Carly Fiorina was a terrible CEO at Hewlett Packard, Donald Trump alleges, who saw the share price crash. There is important context to this, which is that the shares of all tech companies crashed at the same time. Her supporters claim that HP held up rather better than its peers. She doubled the company’s revenues, she responds. Context here is that she merged HP with Compaq, so she is comparing the revenues of HP with the later revenues of HP-Compaq.

Trump, she responds, led his father’s business to four bankruptcies. He shrugs. He never broke the law and has never been personally bankrupt. The first is reminiscent of Hillary Clinton’s defense: it may have been, technically, legal, but it doesn’t mean it is a qualification for the presidency. And the fact that he has never, personally, been declared bankrupt, indeed has become very rich while making deals in which investors never got paid, is also something that leaves a bad taste in the mouth. 

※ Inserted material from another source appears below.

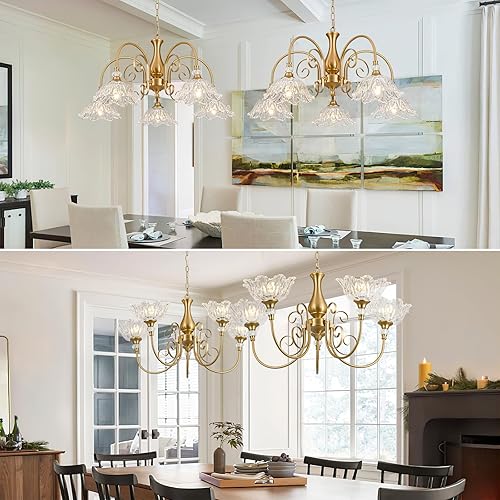Miniatura 7 de 5-Light Vintage Chandeliers in Matte Brass Finish with Crystal Glass Shades, Retro Chandelier Light for Dining Room,Hallway,Kitchen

Your columnist does not feel equipped to reach a definitive conclusion on the business success of either – at least at this point. Both have experienced ups and downs in their fortunes, as has business as a whole. Your columnist is certainly not claiming that he could have done better, if he had inherited Trump’s empire or become CEO of HP. Indeed, if he had started in business as a receptionist, as Fiorina did, it is certain he would never have risen to be CEO of HP in the first place. 

But let us take it as a given that both have had some remarkable successes and some significant setbacks. Both have, almost certainly, made some major misjudgments. Most of us never get to make multi-billion dollar mistakes because we never get to make multi-billion dollar decisions. It is not just in business that people get to back such mistakes. Presidential candidates Jindal, Huckabee, Christie, Walker, Gilmore, Kasich, Pataki and Bush have been state chief executives, All will defend their records as ferociously as Trump and Fiorina do. All will cherry-pick statistics, in the manner of Fiorina’s doubled revenues, in ways that exaggerate their merits and minimize their failings.

Common Sense would rather see a candidate acknowledge error – particularly a major, multi-billion dollar error – and say “yep, with hindsight that was clearly a bad call. But let me tell you what I have learned from my mistakes, large and small, and how that learning will make me a better executive and a better leader  . . .”. 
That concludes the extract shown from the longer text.